Nachdem diese makaber-reizvolle männliche Figurenkonstellation etabliert ist, beginnt der Plot des Films jedoch, Amok zu laufen. Bruce A. Evans, der mit seinem Partner Raynold Gideon bisher hauptsächlich als Drehbuchautor gearbeitet hat (Stand by Me), entgleitet zunehmend die Ökonomie der Erzählung. Auch die Detektivin, die den Fall „Mr. Brooks“ aufklären soll, muss jetzt monströs sein: Demi Moore gibt sie als Polizei-Furie mit Killerinstinkt, die trotz eines Millionenvermögens besessen ihrem Job nachgeht, als ob sie den Geruch des Todes lieben würde. Dazu treten noch allerlei andere, beinahe folkloristische Serialkiller auf. Und selbst in Mr. Brooks’ schönem Haushalt scheint sich Killer-Nachwuchs zu regen – in Person der durchtriebenen Teenagetochter des Hausherrn. Am Ende ist der Film zu einem ganz und gar amerikanischen danse macabre ausgeufert, der nur im Zaum gehalten wird von Evans’ kühler, zurückhaltender Inszenierung. Das düstere Fazit des Films bleibt aber erstaunlich: Hinter den Fassaden von Portland, der Verpackung der Stadt, verbirgt sich eine barbarische Welt des Tötens – als Subversion und Sublimation des Alltagsleben zugleich.

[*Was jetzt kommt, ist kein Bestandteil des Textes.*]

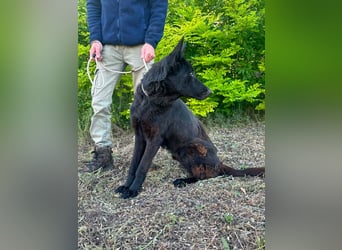 Nila, geboren 16.11.2024, 60cm sucht ihr Zuhause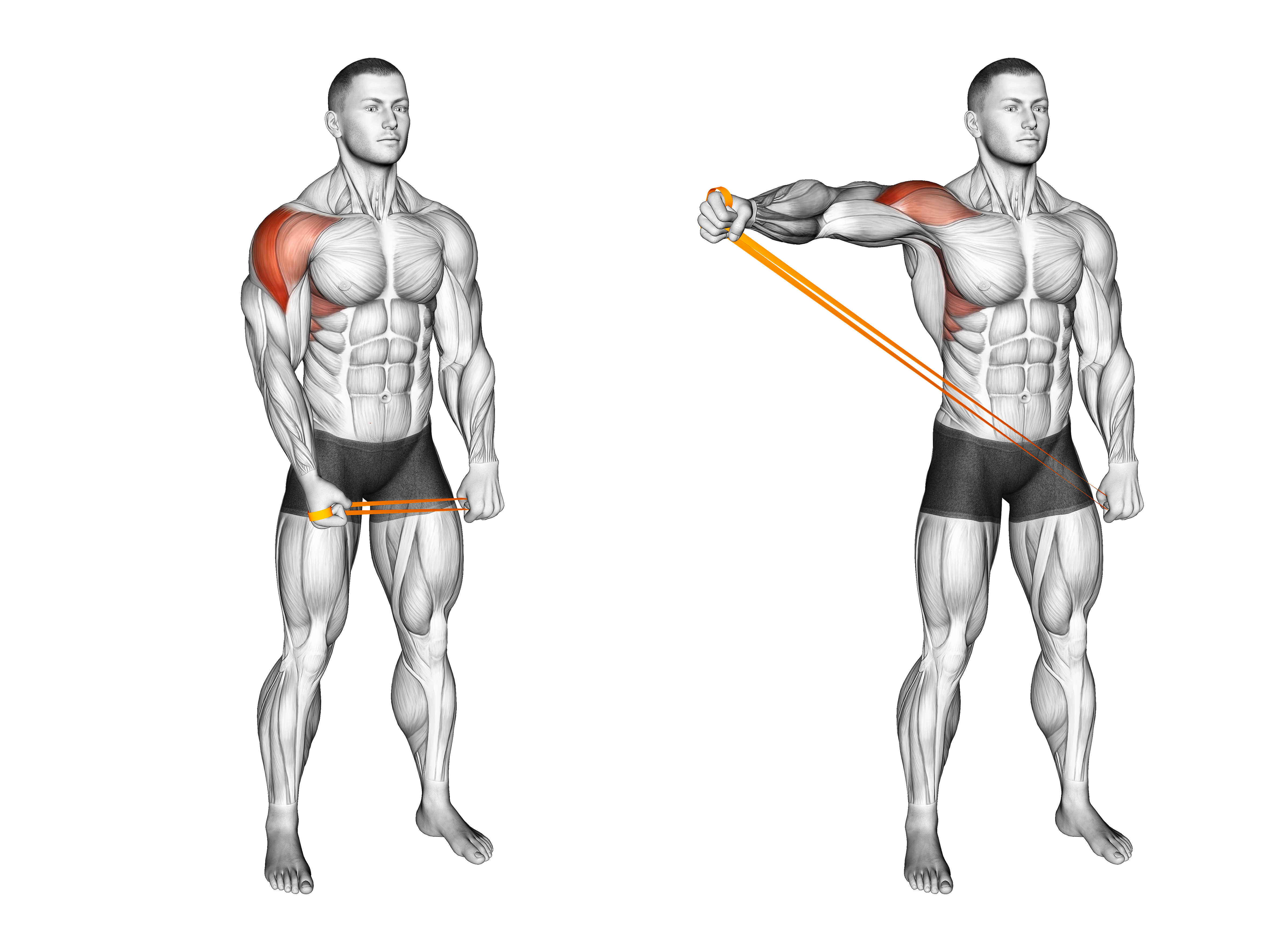 Resistance Band Standing Single Arm Lateral Raise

Ein zwischen makabrer Brillanz und bizarrer Unausgewogenheit schwankender Mainstream-Thriller über einen sympathischen Jedermann als obsessiven Killer. Der amerikanische Mittelstand scheint darin mit einem düsteren Killerkult zu korrespondieren.
Mr. Brooks
USA 2006. R: Bruce A. Evans. B: Bruce A. Evans, Raynold Gideon. P: Jim Wilson, Kevin Costner, Raynold Gideon. K: John Lindley. Sch: Miklos Wright. M: Ramin Djawadi. T: Steve C. Aaron. A: Jeffrey Beecroft, William Ladd Skinner. Ko: Judianna Makovsky. Sp: Patrick McClung. Pg: MGM/Element/Relativity/Eden Rock/TIG. V: Concorde. L: 120 Min. FBW: besonders wertvoll. Da: Kevin Costner (Earl Brooks), Demi Moore (Tracy Atwood), William Hurt (Marshall), Dane Cook (Mr. Smith), Marg Helgenberger (Emma), Danielle Panabaker (Jane), Ruben Santiago-Hudson (Hawkins).